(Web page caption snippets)
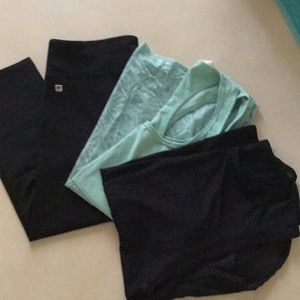 Fabletics 3 piece bundle 👟🌺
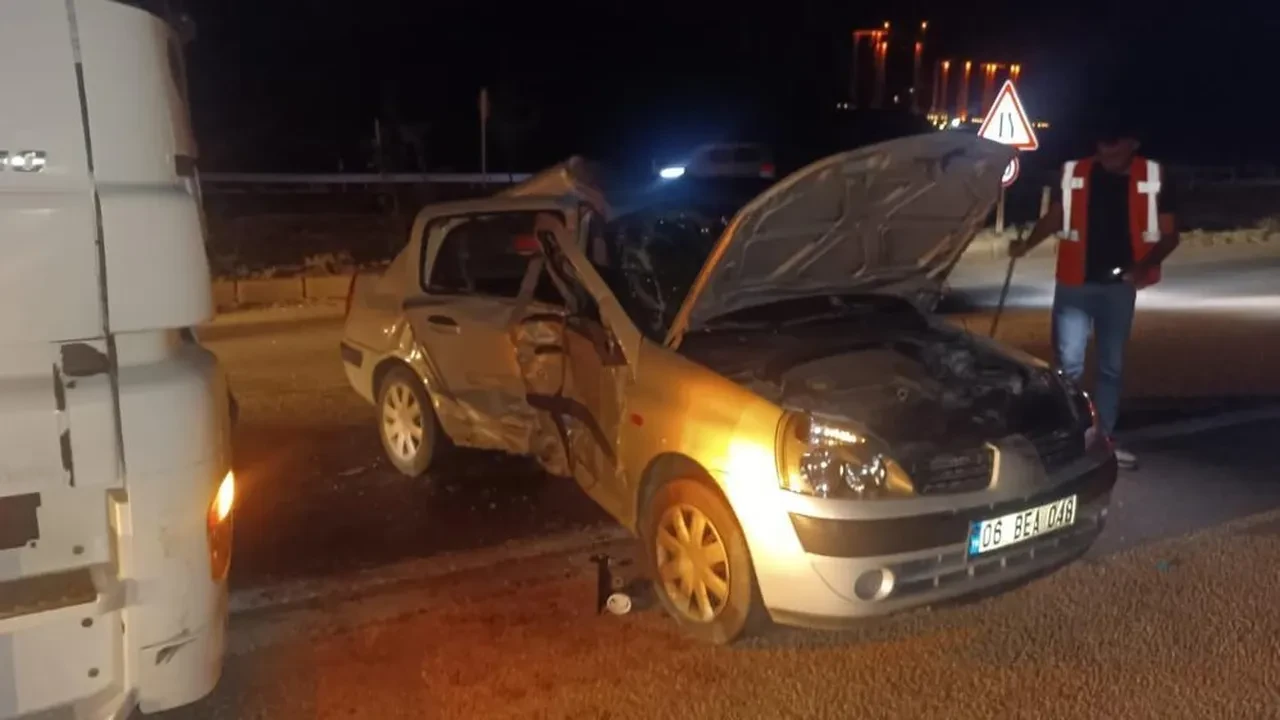 Tır ile otomobil çarpıştı: 1'i bebek 6 kişi yaralandı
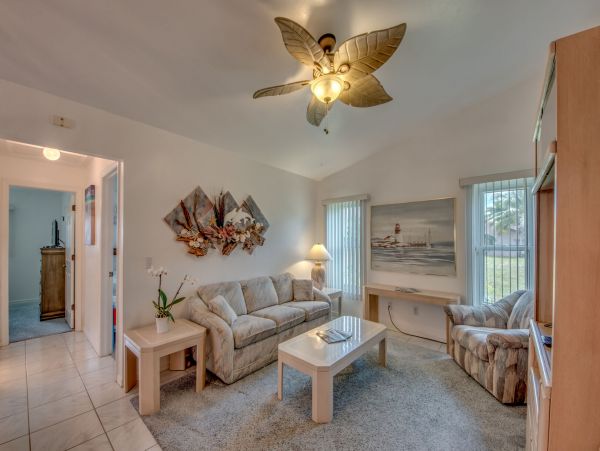 Cape Coral Three Bedroom Vacation Pool Home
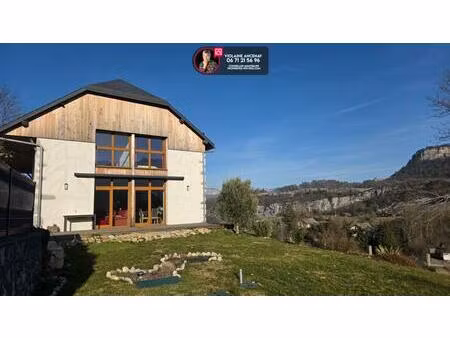 maison montagnole 166 m2   4 chambres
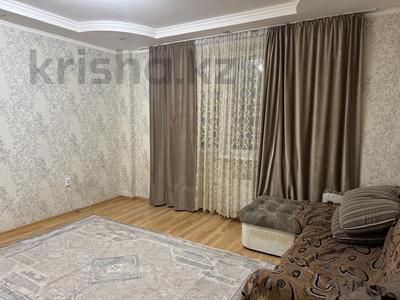 2-комнатная квартира · 70 м² · 10/15 этаж, Туркестан 10 за 200 000 〒 в Астане, Есильский р-н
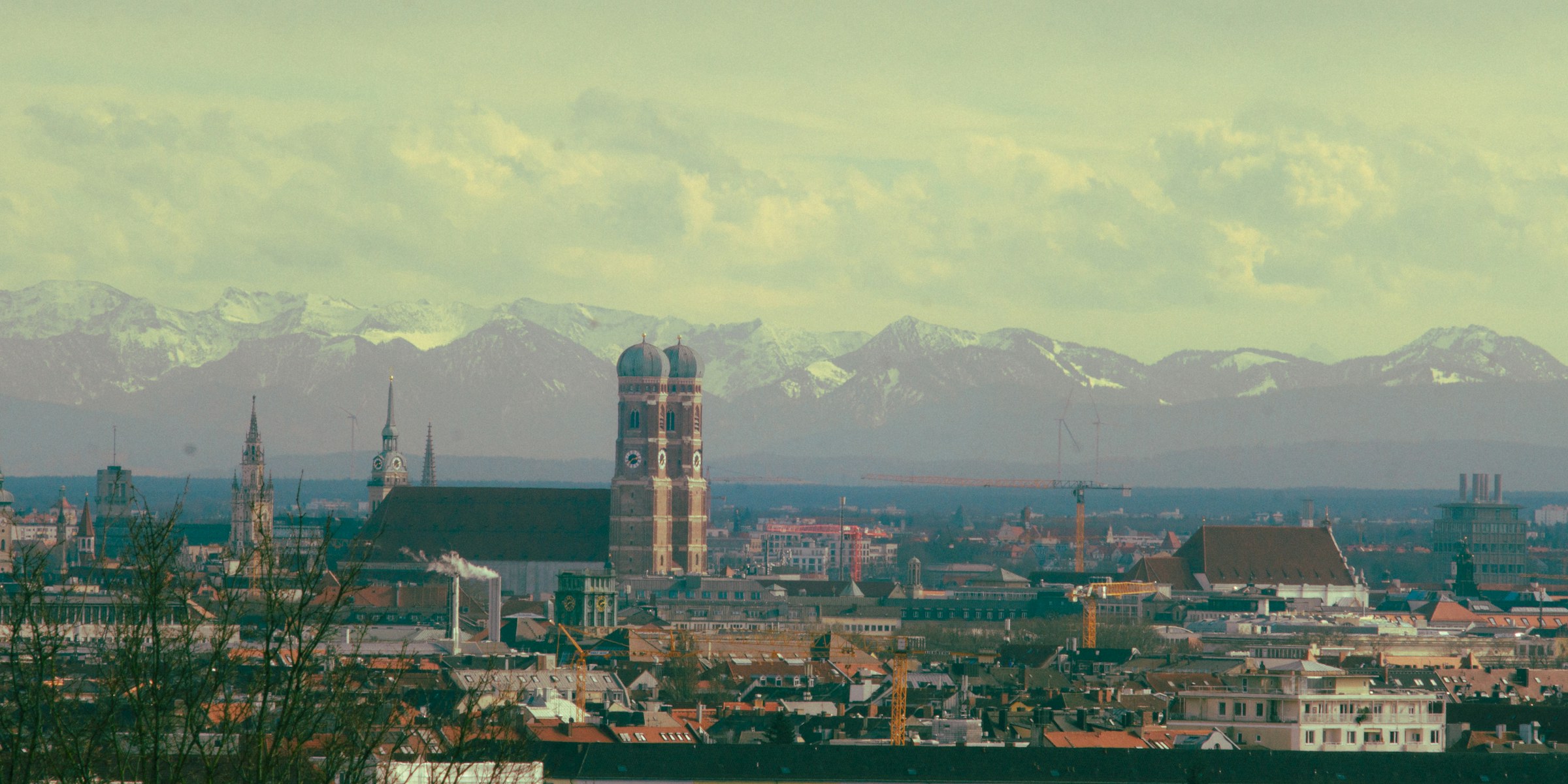 München mit Frauenkirche vor dem Panorama der Alpen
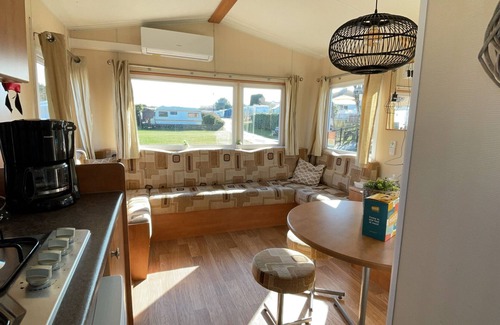 IJmuiden Ski Chalet | Relaxing Oceanfront Stay at DD 45 - Camping de Duindoorn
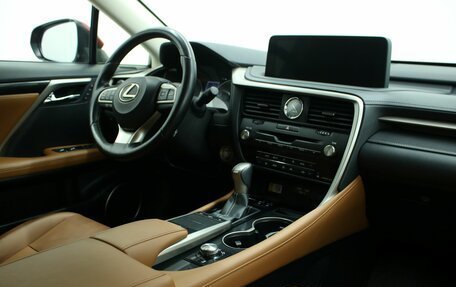 Lexus RX IV рестайлинг, 2020 год, 4 390 000 рублей, 3 фотография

_Work to complete:_ Write down all the entries exactly, but not the pictures they hold.

_Response area:_
 Fabletics 3 piece bundle 👟🌺
 Tır ile otomobil çarpıştı: 1'i bebek 6 kişi yaralandı
 Cape Coral Three Bedroom Vacation Pool Home
 maison montagnole 166 m2   4 chambres
 2-комнатная квартира · 70 м² · 10/15 этаж, Туркестан 10 за 200 000 〒 в Астане, Есильский р-н
 München mit Frauenkirche vor dem Panorama der Alpen
 IJmuiden Ski Chalet | Relaxing Oceanfront Stay at DD 45 - Camping de Duindoorn
 Lexus RX IV рестайлинг, 2020 год, 4 390 000 рублей, 3 фотография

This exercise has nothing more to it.